Wednesday 3 November 2021

Review Writersmosaic magazine

 Received a terrific review of my novel in the Writersmosaic magazine funded by The Royal Society of Literature, London. I thank them for it. The link is below.

The Lost Woman of Santacruz

    Vijay Medtia

    (Leadstart Publishing, 2021)

    Review by Pete Kalu

     

    Police Inspector Ajay Shaktawat of the Mumbai police force is in dire straits with his personal life. The last thing he needs is a cop-killer case. That’s what lands on his desk. With politicians, press, Delhi Special Branch and others breathing down his neck, his plans to ease off work in order to rescue his relationship with his wife – rekindle bonds with his children, and generally become a nicer person – fade amidst a welter of what-might-have-beens and if-onlysOut there in the big, brawling city, retired police officers keep getting murdered.

    A rambunctious detective story, one of the best I’ve read this year, this first book in the Police Inspector Ajay Shaktawat series achieves that rare feat of simultaneously yoking the broad existential question of how we achieve intimacy in the anonymising, dehumanising city with the page-turning suspense and joy (yes, joy) of a well-crafted, detective story.

    The balancing of these two components – intimacy and plot – deserves attention.

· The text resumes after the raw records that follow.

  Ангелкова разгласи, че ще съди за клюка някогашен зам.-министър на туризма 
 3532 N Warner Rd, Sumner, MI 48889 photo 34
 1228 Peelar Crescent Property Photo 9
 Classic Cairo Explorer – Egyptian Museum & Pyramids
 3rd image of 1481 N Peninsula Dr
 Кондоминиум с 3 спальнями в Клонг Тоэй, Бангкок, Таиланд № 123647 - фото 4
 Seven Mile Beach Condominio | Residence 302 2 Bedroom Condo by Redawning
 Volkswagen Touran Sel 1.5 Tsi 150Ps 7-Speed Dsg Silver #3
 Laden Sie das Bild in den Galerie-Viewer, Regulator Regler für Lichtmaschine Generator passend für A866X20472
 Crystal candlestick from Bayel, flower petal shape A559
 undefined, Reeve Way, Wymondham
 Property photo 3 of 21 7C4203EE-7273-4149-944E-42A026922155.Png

Although written in the terse style of the hard-boiled detective sub-genre, The Lost Woman of Santacruz deviates from the Chandler and Hammett template. Unlike Chandler or Hammett, who carefully shield us, the readers, from the private lives of their detectives Marlowe and Spade, Vijay Medtia allows us into the messy and very real complications of Shaktawat’s issues with his wife, his fraught relationship with his mother, and his children’s longing for him to become more father than cop. The oscillation between the internal narrative – how Shaktawat attempts (however maladroitly) to improve his relationships with those he loves – and the external business of pursuing clues, tailing suspects, pressing for evidence to be analysed and negotiating office politics is skilfully orchestrated. Shaktawat’s ultimate failure to successfully juggle it all feels human and is touching. 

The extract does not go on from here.